«Aquí entre la gente yendo y viniendo de la casa a la taberna o al burdel donde los hombres se liberan de los detritus de un gran puerto, me encuentro en la más infinita humildad». Umberto Saba describía de esta manera Trieste, ciudad de mar, que nació como emporio comercial, sede de las grandes compañías aseguradoras y también dotada de una gracia huraña, «la sua scontrosa grazia», y recurría a las cantinas, le osterie y los cafés, sobre todo, para estipular acuerdos y cerrar negocios. Pero, incluso conviviendo con las temperaturas extremas que en ocasiones trae ese viento endemoniado que se llama bora, la comida no era un simple pretexto para ganar dinero, durante siglos jamás ha dejado de ser un compendio originalísimo de diversas tradiciones: hebraicas, venecianas, griegas, austrohúngaras, reminiscentes del Imperio desaparecido, eslavas, friulanas, turcas, etcétera.

Esta koiné culinaria, fruto de la reelaboración de tradiciones absolutamente distintas a lo largo de décadas de historia convulsa ofrece distintos planos gastronómicos: uno campesino y popular, procedente del altiplano cársico y de la vecina Istria; otro más refinada alto burgués heredado de las familias que llegaron a la ciudad con la administración del viejo Imperio, o de los grandes comerciantes griegos, turcos y dálmatas. Un tercero se percibe claramente como fruto del legado de Venecia, propiamente marinero, las frituras de pescado, le sarde in savor, il baccalà mantecato, la utilización de las pasas y de los piñones, y la busara, una salsa rubia marinera con algo de tomate que acompaña a las gambas, mejillones, las almejas, las cigalitas y la pasta bigoli. Y el cuarto, de inspiración internacional y elevado nivel, consistente en los platos que se servían a bordo de los barcos de la compañía del Lloyd austriaco. De este último apenas queda huella en las unificadas cartas de los restaurantes triestinos. Del mismo modo que «la sua scontrosa grazia» hace un tiempo que pasó a mejor vida; la ciudad, actualmente, desprende otro tipo de sensaciones menos sosas. Desconozco todavía si es bueno o malo para los que acudían a Trieste buscando una especie de soledad literaria o el recuerdo de ese tiempo de ayer barrido por la historia.

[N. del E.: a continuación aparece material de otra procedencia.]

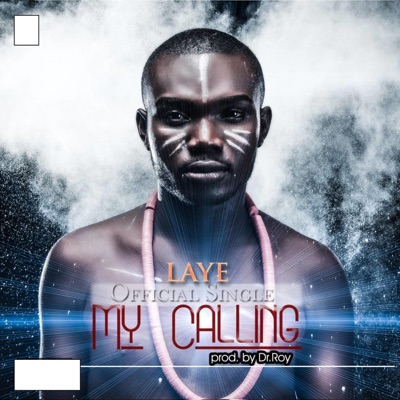 My Calling - Single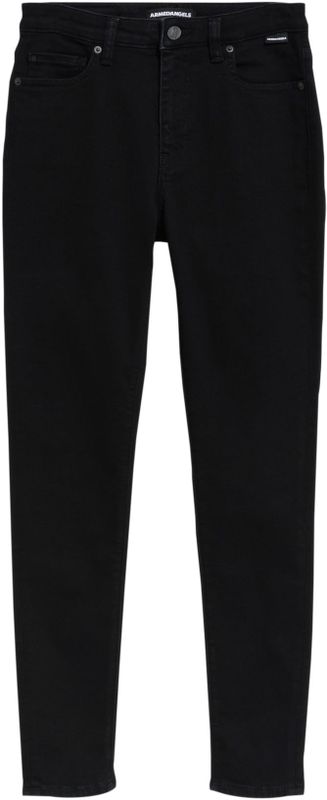 Armedangels - Tillaa - Skinny Jeans - Dames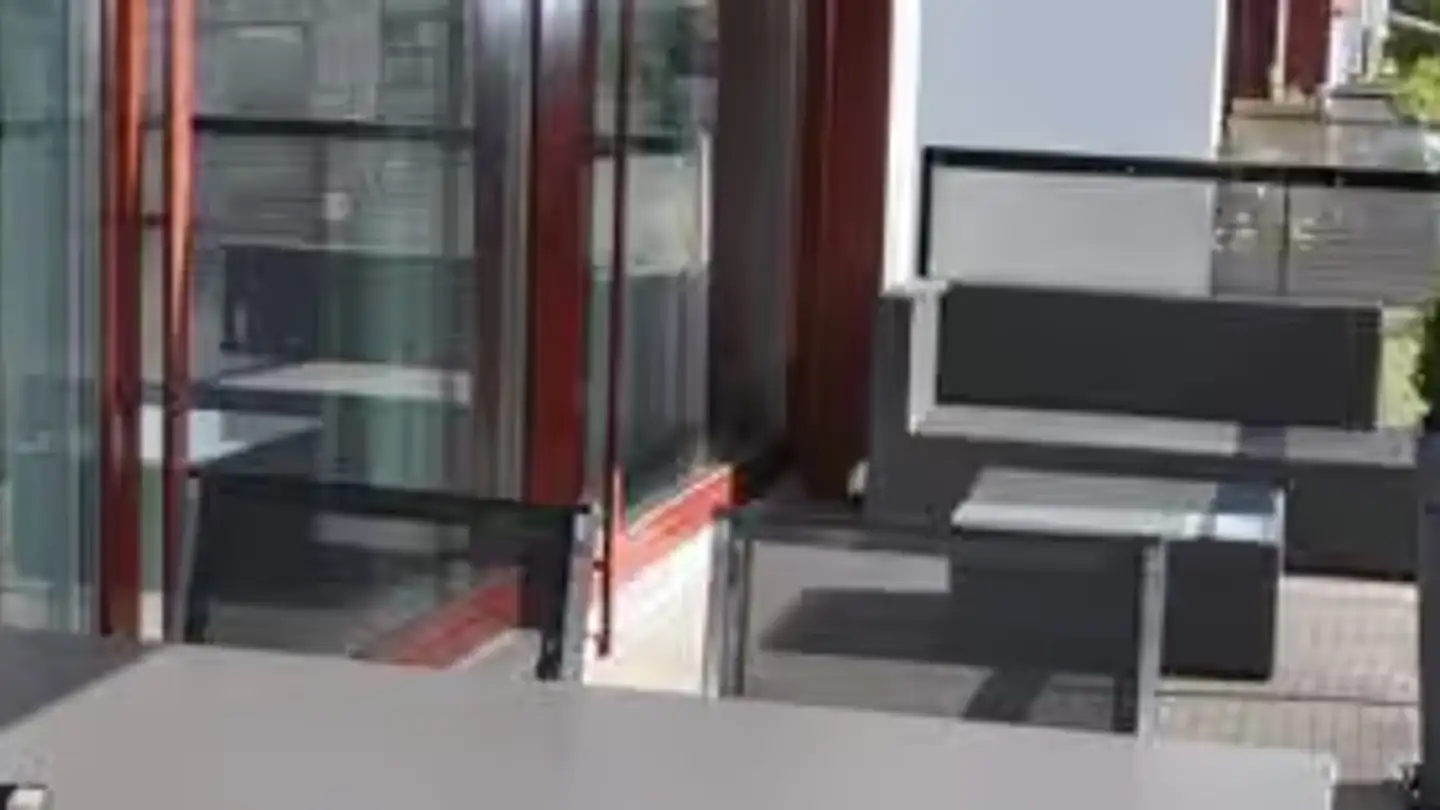 Appartamento in affitto - Frauentalweg 110, 8045 Zürich - Foto 4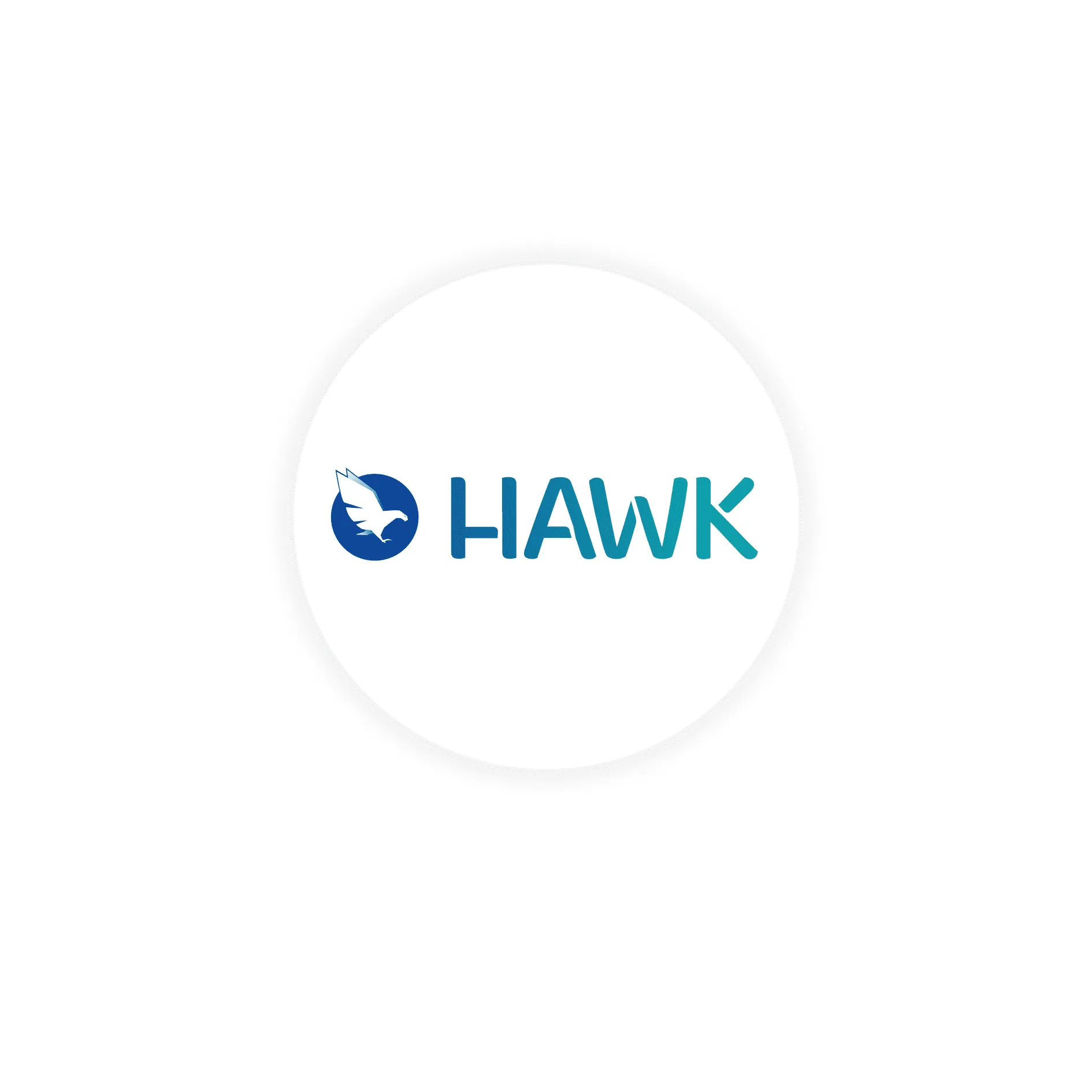 expert digital - Hawk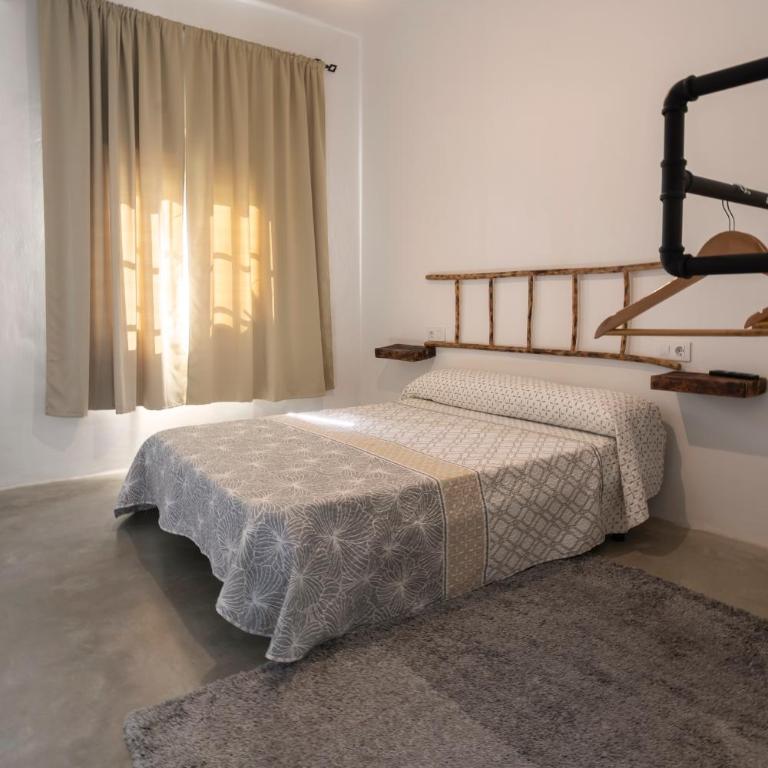 Montijo Relax and Sunny Private Pool - Apartamento de 3 dormitorios - 69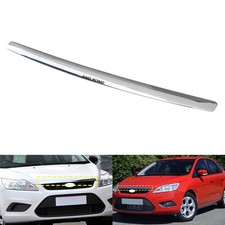 1 Stk Chrom Formmotorhaube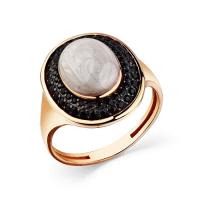 001-0471-0005-015 Кольцо (Au 585)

No se come mal en Trieste si uno sabe elegir. Esto es importante resaltarlo porque no en todos los lugares sucede así, y los hay incluso donde eligiendo es fácil equivocarse. Para refugiarse en la vieja atmósfera aún persiste la humedad de los cafés históricos. Por más de una razón, Trieste fue para el imperio del águila bicéfala y durante algún tiempo una pequeña Viena a orillas del Adriático. De los establecimientos que todavía mantienen esa pátina de la historia entre sus paredes el más famoso es el San Marco, que en 2014 cumplió un siglo de existencia, escenario de la vida artística y literaria de la ciudad, lugar de encuentro de escritores, donde Fulvio Tomizza y Claudio Magris, por poner dos ejemplos, recibían a periodistas y fotógrafos. Tomizza vivía a unos pocos pasos del café que se había convertido para él en una especia de oficina. No ocupaba siempre el mismo tavolino pero tenía preferencia por uno que me gusta recrear. ¿Dónde se sentaban Giovanni Kezich o Giorgio Voghera? Tampoco cuesta imaginarse a Italo Svevo, ni siquiera al personaje de su mejor novela Zeno Cosini, camino del Stella Polare, el café filosófico cerca del gran canal. O al quisquilloso Saba en el desaparecido Tergeste: «Caffè di plebe, dove un dì celavo/la mia faccia, con gioia oggi ti guardo. /El tu concili le’italo e lo slavo/ a tarde notte, lungo il tuo biliardo», escribió. El Tommaseo, cerca del molo Audace, el lugar mágico donde una vez desembarcó la caza torpedos y lanza misiles de la Armada italiana del mismo nombre, todavía ofrece una selección de platos comestibles de la cocina mitteleuropea de Trieste, con un tarta sacher y strudel de manzana a los postres. O el elegante Caffè degli Specchi, de la Piazza Unità. Todos ellos acogieron el clamor de la cháchara de los citados Svevo y Saba, además de otros escritores vinculados a la ciudad: los hermanos Stuparich, Virgilio Giotti, Scipio Slataper, Quarantotti Gambini, Bobi Bazlen y un tal James Joyce. Trieste ha sustituido sus sombras por las esculturas y bustos estratégicamente situados en distintos lugares.

Y con tanta escenografía me he dejado atrás la comida y los restaurantes, que quedan para mejor ocasión.